----- DATA EXCERPTS -----
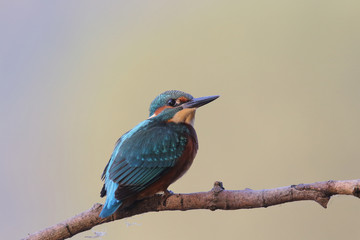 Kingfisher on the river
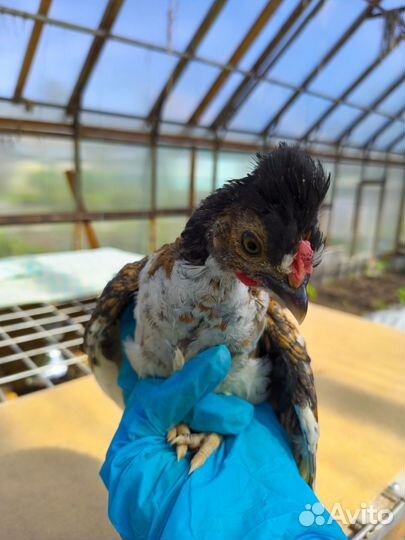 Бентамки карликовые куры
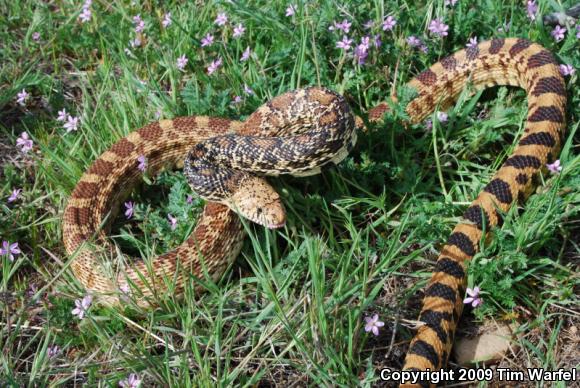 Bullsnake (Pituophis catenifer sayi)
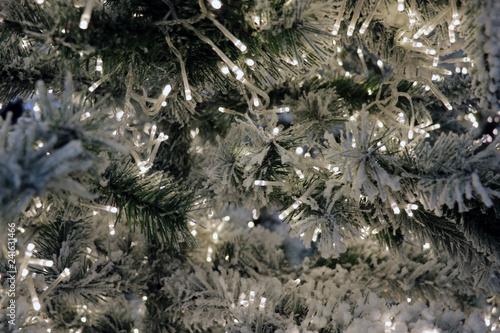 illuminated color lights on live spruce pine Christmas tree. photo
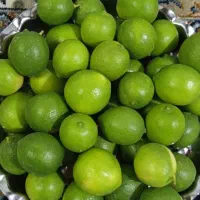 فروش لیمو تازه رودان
-----
----- DATA EXCERPTS -----
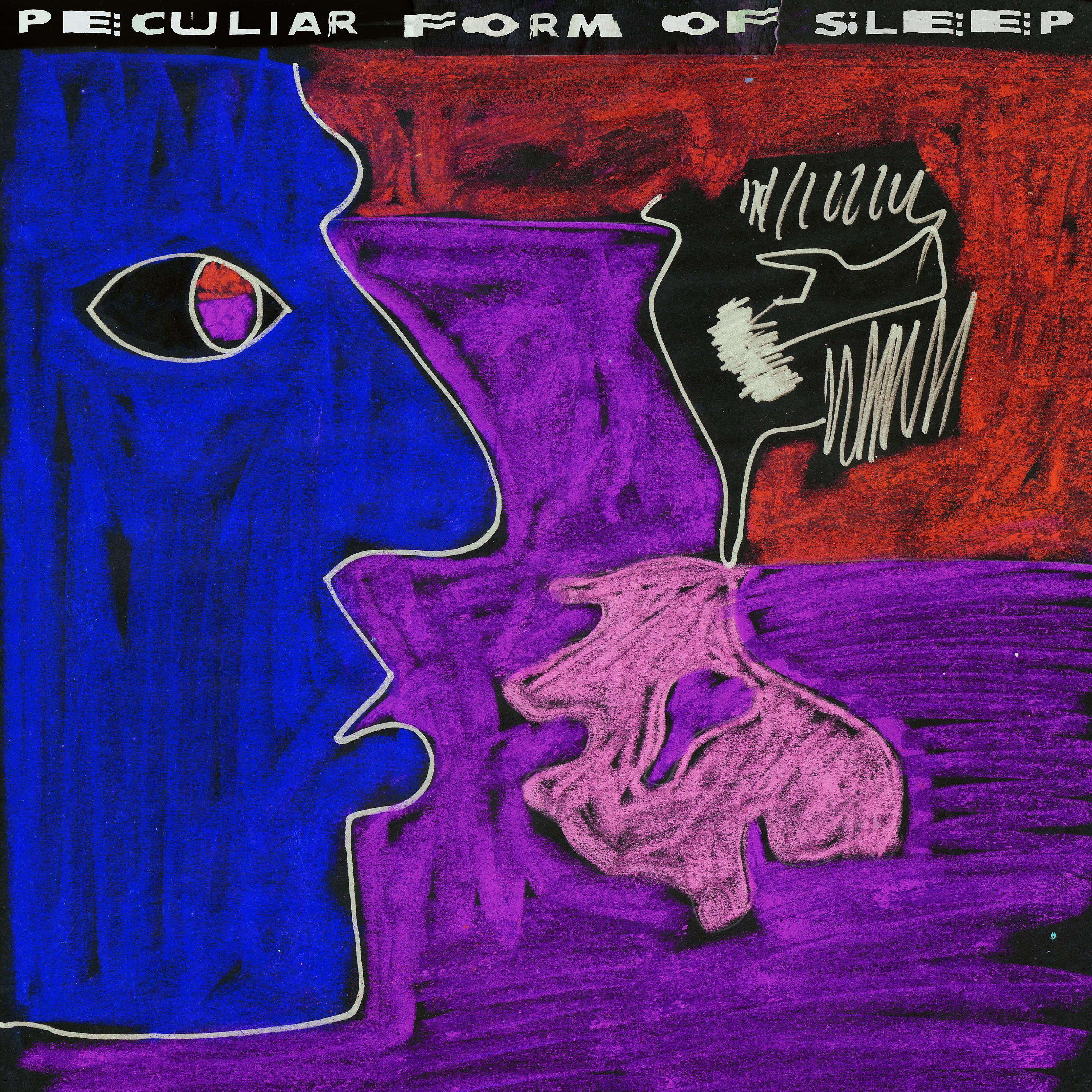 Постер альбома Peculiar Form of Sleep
-----
# WORK REQUEST
Reproduce the listing above from the line that holds "Бентамки карликовые куры" through the line that holds "فروش لیمو تازه رودان", both included, with the pictures left out.

# YOUR RESPONSE
 Бентамки карликовые куры
 Bullsnake (Pituophis catenifer sayi)
 illuminated color lights on live spruce pine Christmas tree. photo
 فروش لیمو تازه رودان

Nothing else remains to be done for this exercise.